L’UE est en train de revisiter son système d’échange de quotas d’émission (SEQE), un des outils clés pour atteindre ses objectifs de réduction de 55% des émissions de CO2 d’ici 2030 et la neutralité carbone en 2050.
Climact a déjà publié un outil de simulation qui permet d’évaluer l’impact d’un certain nombre de propositions clés sur l’offre et la demande globales, l’évolution de l’excédent, les mises aux enchères et les allocations gratuites des quotas d’émission. Ce modèle a été mis à jour pour :
- Prendre en compte les différents amendements de la proposition de la Commission (en particulier ceux proposés par le rapporteur Pieter Liese et le rapporteur Mohamed Chahim) ;
- Fournir des résultats détaillés sur la mise aux enchères et les allocations gratuites des quotas au niveau des États membres.

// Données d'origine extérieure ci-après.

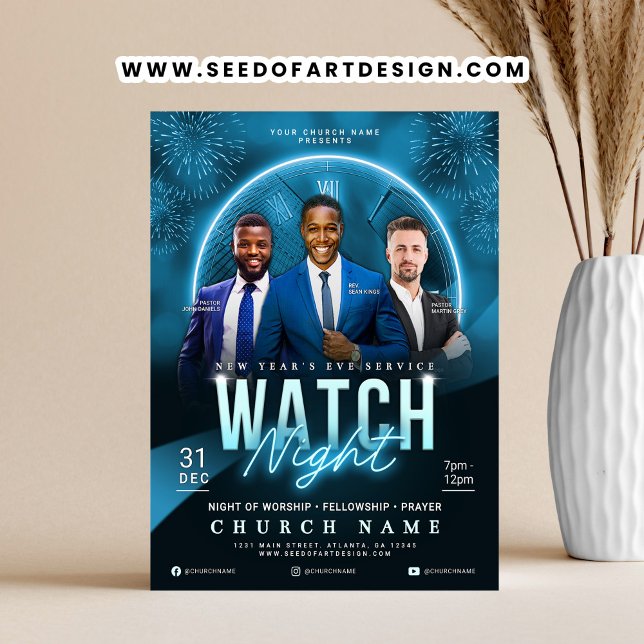 Watch Night New Year's Eve Church Service Flyer (Creator Uploaded)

Ce modèle mis à jour est disponible en libre accès ci-dessous.
Contexte
En juillet 2021, la Commission européenne a entamé la révision du SEQE pour l’aligner sur l’objectif de réduction de -55% d’ici 2030. Plus tôt cette année, Climact a publié un rapport qui évalue l’impact de cette proposition sur un certain nombre de paramètres clés tels que l’équilibre global entre l’offre et la demande. Le modèle qui a été utilisé pour l’analyse a également été rendu public. Le rapport et le modèle ont été publiés ici (https://climact.com/en/is-the-eu-ets-proposal-fit-for-55/).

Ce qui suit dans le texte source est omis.